Eine wichtige Funktion stellt das Vitamin C durch dessen Schutz vor so genannten „freien Radikalen“ dar, die unsere Zellen angreifen und schädigen. Dem Vitamin wird eine hervorragende Wirkung bei der Hautpflege und Gesichtspflege nachgesagt, denn durch die antioxidative Wirkung des Vitamins tritt nach neuesten Erkenntnissen scheinbar auch ein Anti-Aging Effekt auf. Vitamin-C ist nicht nur wichtig für ein voll funktionsfähiges Immunsystem, sondern trägt bei der richtigen Dosierung auch stets positiv zur Verbesserung der Eisenaufnahme bei. Vitamin-C wird aus diesem Grund häufig bei einem Eisenmangel zusätzlich zu den üblichen Eisenkapseln oder Eisentabletten verabreicht.. Raucher haben grundsätzlich einen erhöhten Bedarf an Vitamin C. Eine gesunde Ernährung begünstigt die Vitamin-C-Aufnahme. Einen hohen Vitamin-C-Anteil finden wir in unserer Ernährung beispielsweise in Papayas, Paprika und Beeren (z.B. Johannisbeeren)

Vitamin C Mangel

Ursachen: Wie entsteht ein Vitamin-C-Mangel?

Wie bereits zuvor genannt hilft uns eine gesunde und ausgewogene Ernährungsform, den Vitamin-C-Bedarf zu decken.

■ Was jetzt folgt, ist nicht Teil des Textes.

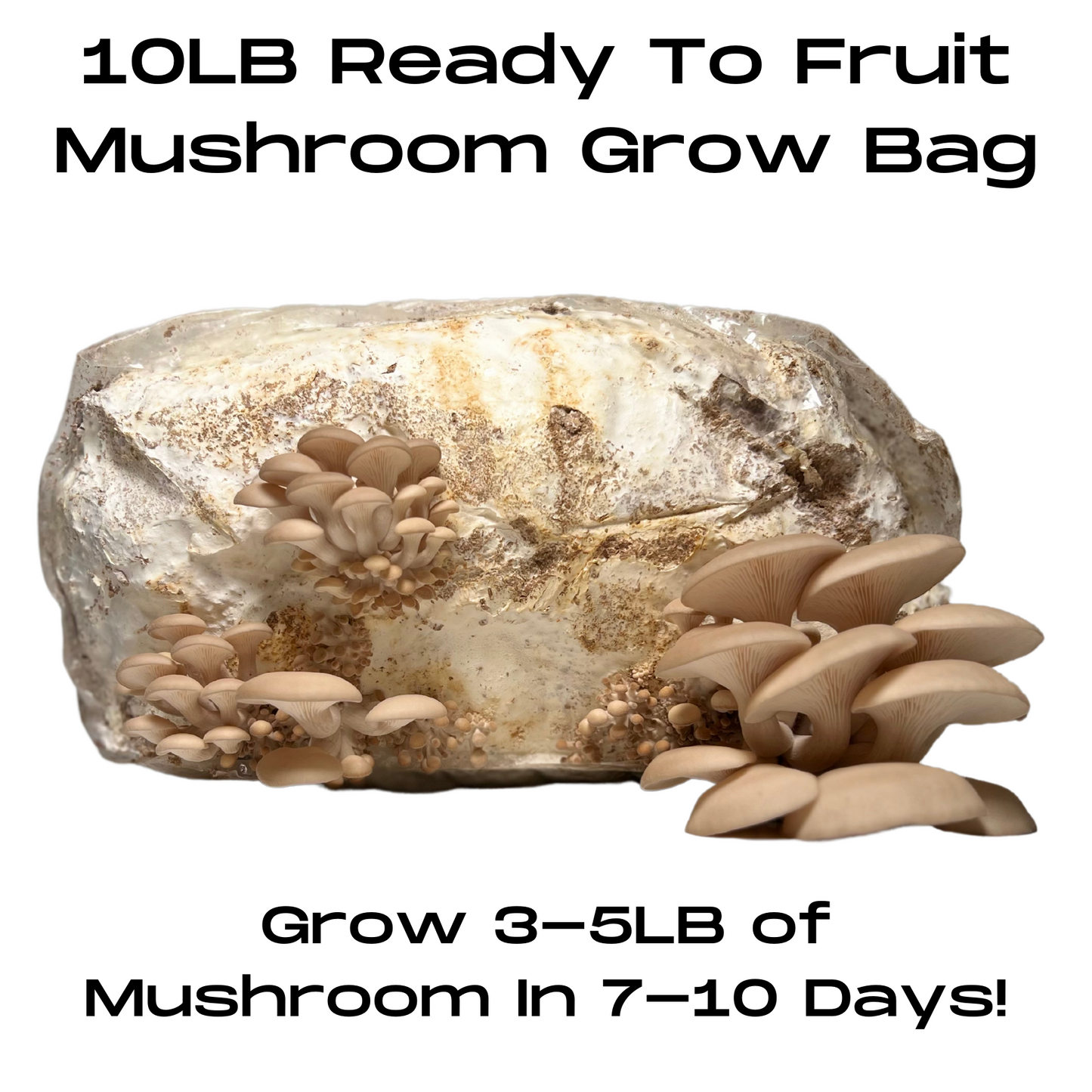 10 LB Ready-To-Fruit Gourmet Mushroom Grow Bags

Es gibt allerdings auch Ursachen, bei der zum Beispiel ein erhöhter Bedarf im Körper herrscht und eine herkömmliche Ernährung oftmals nicht mehr ausreicht. Schwere körperliche Arbeit, intensiver Sport, Infektionen, Antibiotikabehandlungen, Diabetes und Krebserkrankungen sind nur ein paar Ursachen. Sowohl ein übermäßiger Alkoholkonsum und das Rauchen wie auch eine Schwangerschaft und die Stillzeit erhöhen den täglichen Bedarf an Vitamin C deutlich. Laut Studien ist der Bedarf von Rauchern sogar etwa um 50% höher als beim Durchschnitt. Menschen die verstärkt oxidativem Stress ausgesetzt sind sollten ebenso mit dem Arzt Rücksprache halten und möglicherweise eine erhöhte Dosis zu sich nehmen um Schädigungen an den Zellen zu verhindern.

Symptome: Wie erkennt man einen Vitamin-C-Mangel?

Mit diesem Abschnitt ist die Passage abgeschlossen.